Exercise brief => With the images removed, repeat the data below exactly.

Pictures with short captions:
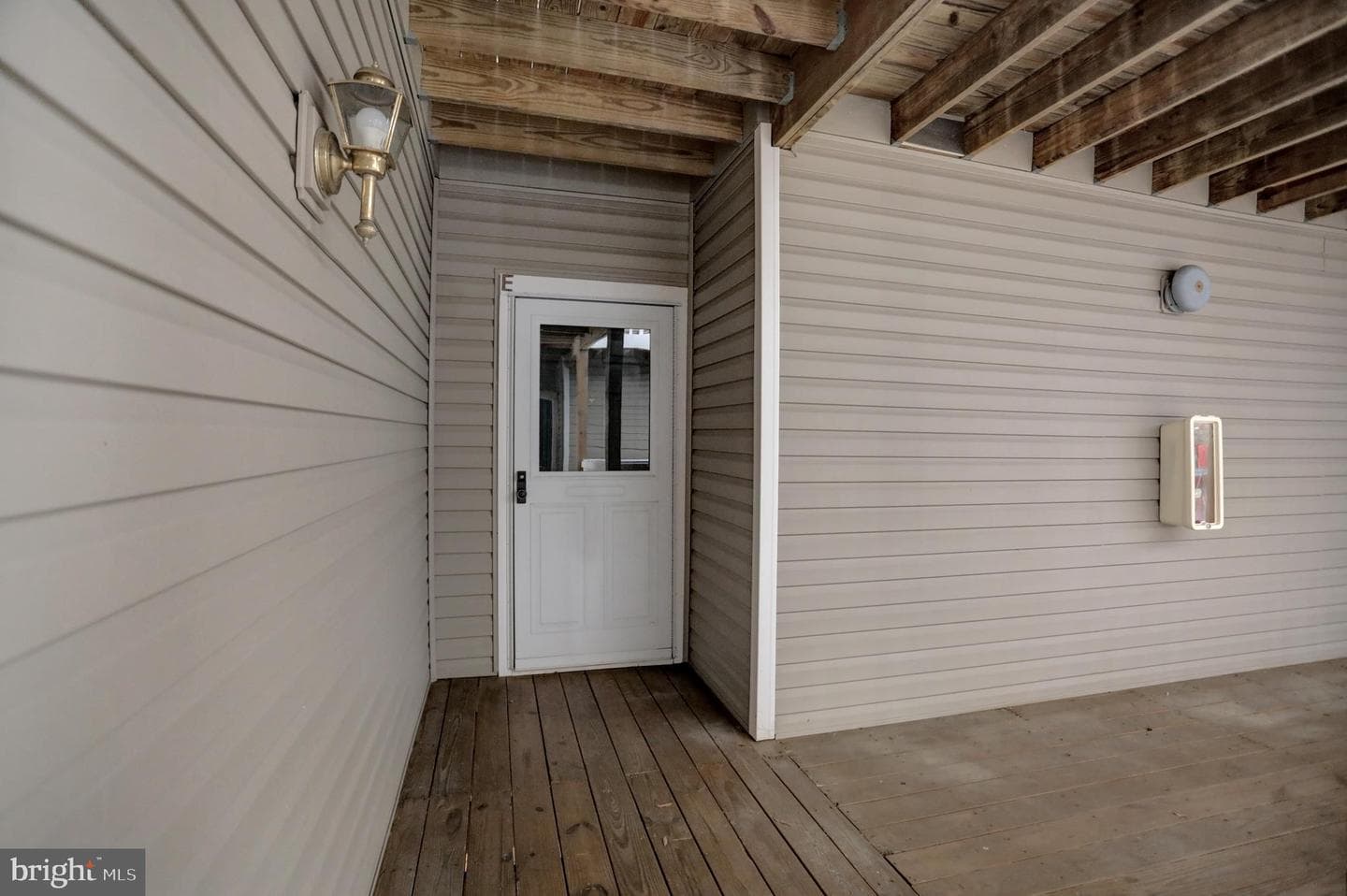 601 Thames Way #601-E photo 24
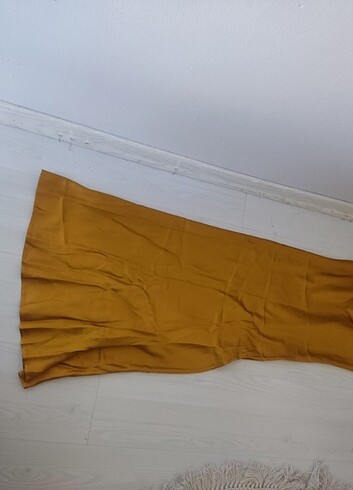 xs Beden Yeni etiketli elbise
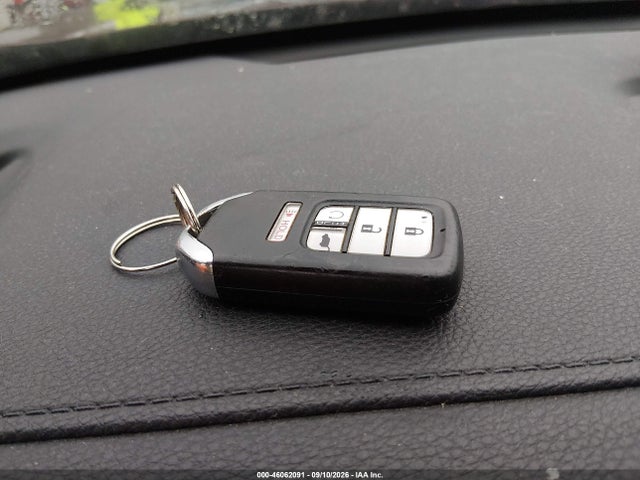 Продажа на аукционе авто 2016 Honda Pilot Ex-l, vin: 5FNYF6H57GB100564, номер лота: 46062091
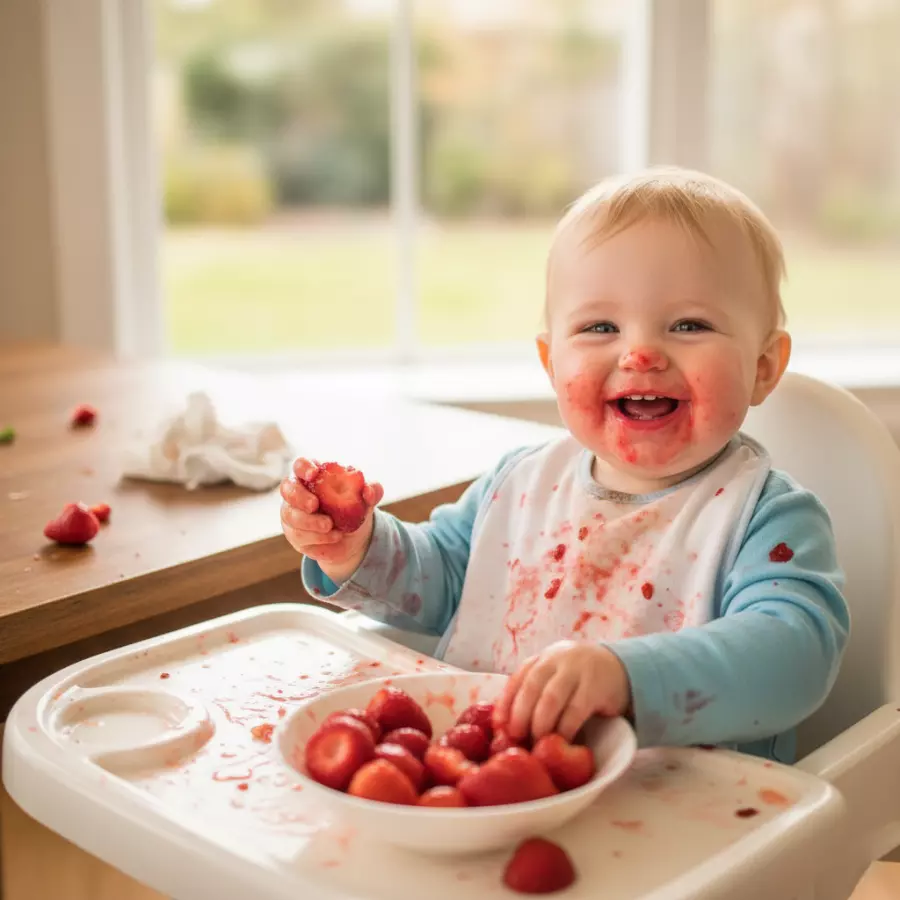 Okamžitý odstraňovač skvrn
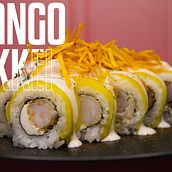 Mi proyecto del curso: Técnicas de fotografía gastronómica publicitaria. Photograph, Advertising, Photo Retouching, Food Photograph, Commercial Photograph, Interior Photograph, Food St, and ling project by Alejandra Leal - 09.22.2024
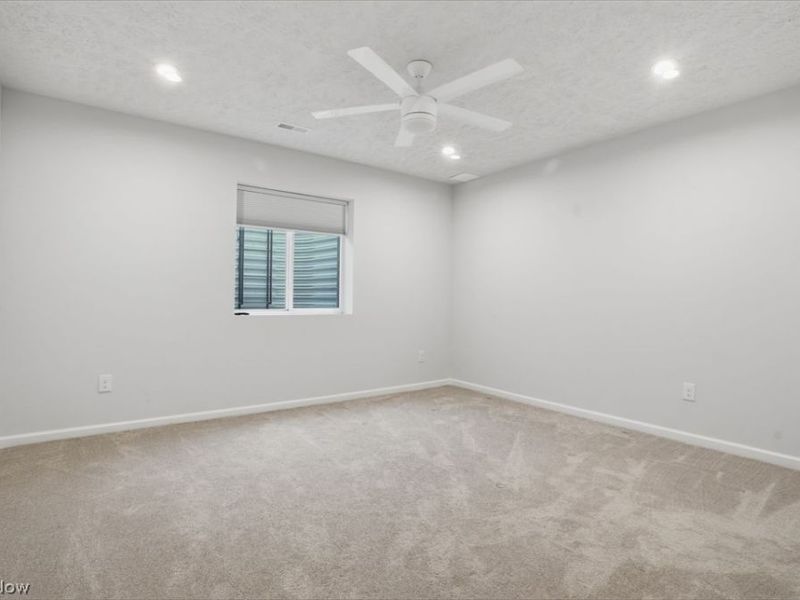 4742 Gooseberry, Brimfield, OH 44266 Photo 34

Output of the task =>
 601 Thames Way #601-E photo 24
 xs Beden Yeni etiketli elbise
 Продажа на аукционе авто 2016 Honda Pilot Ex-l, vin: 5FNYF6H57GB100564, номер лота: 46062091
 Okamžitý odstraňovač skvrn
 Mi proyecto del curso: Técnicas de fotografía gastronómica publicitaria. Photograph, Advertising, Photo Retouching, Food Photograph, Commercial Photograph, Interior Photograph, Food St, and ling project by Alejandra Leal - 09.22.2024
 4742 Gooseberry, Brimfield, OH 44266 Photo 34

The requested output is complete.